## EXTRACTED MATERIAL
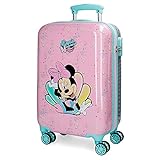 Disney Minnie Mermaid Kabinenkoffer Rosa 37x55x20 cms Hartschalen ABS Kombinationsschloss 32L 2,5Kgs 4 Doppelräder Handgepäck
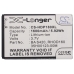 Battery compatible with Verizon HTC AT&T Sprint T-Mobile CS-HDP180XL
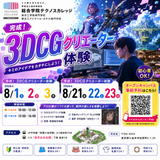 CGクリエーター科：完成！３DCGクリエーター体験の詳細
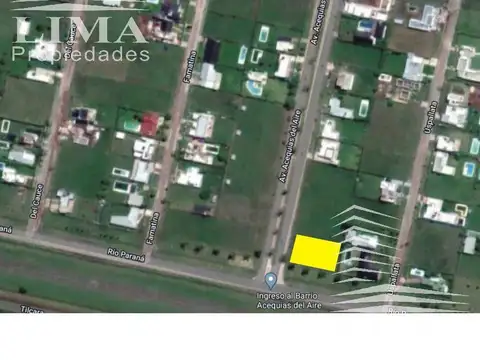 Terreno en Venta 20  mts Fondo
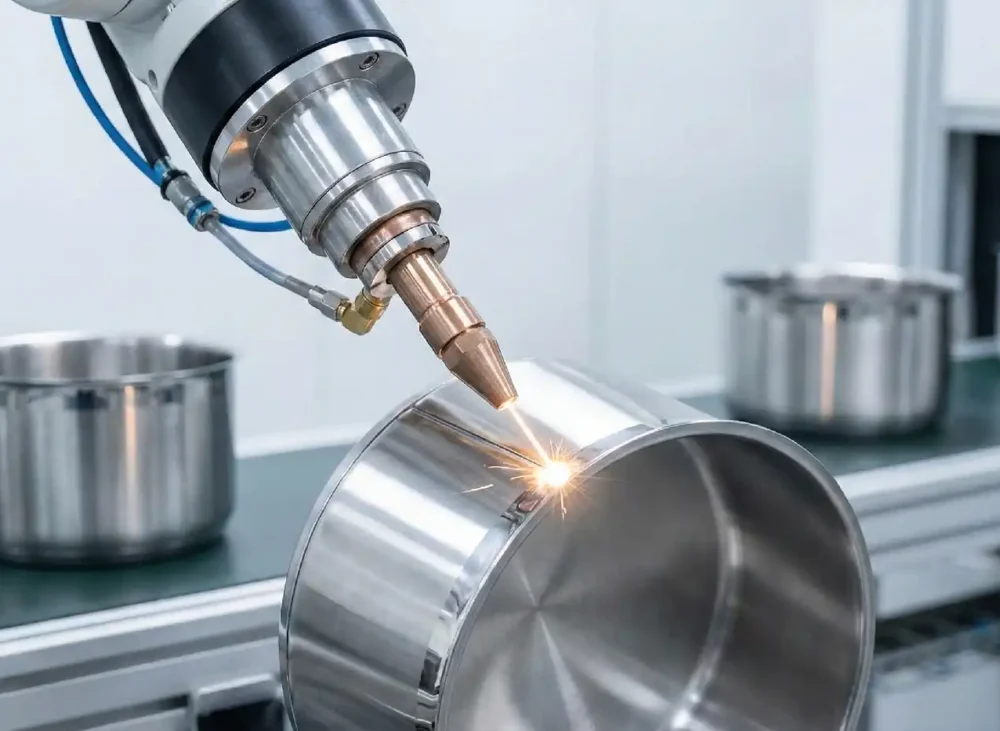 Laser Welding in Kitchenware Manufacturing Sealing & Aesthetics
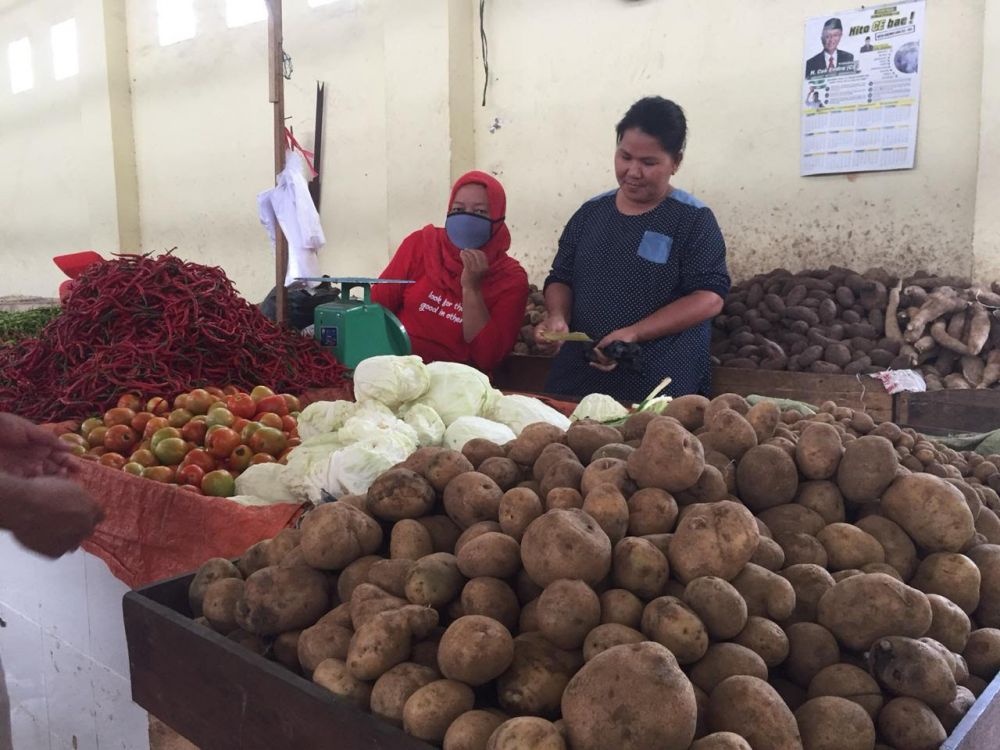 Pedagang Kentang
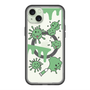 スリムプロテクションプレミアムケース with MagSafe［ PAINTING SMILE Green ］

## WHAT TO PRODUCE
Please set down the records above word for word and omit their pictures.

## ANSWER SECTION
 Disney Minnie Mermaid Kabinenkoffer Rosa 37x55x20 cms Hartschalen ABS Kombinationsschloss 32L 2,5Kgs 4 Doppelräder Handgepäck
 Battery compatible with Verizon HTC AT&T Sprint T-Mobile CS-HDP180XL
 CGクリエーター科：完成！３DCGクリエーター体験の詳細
 Terreno en Venta 20  mts Fondo
 Laser Welding in Kitchenware Manufacturing Sealing & Aesthetics
 Pedagang Kentang
 スリムプロテクションプレミアムケース with MagSafe［ PAINTING SMILE Green ］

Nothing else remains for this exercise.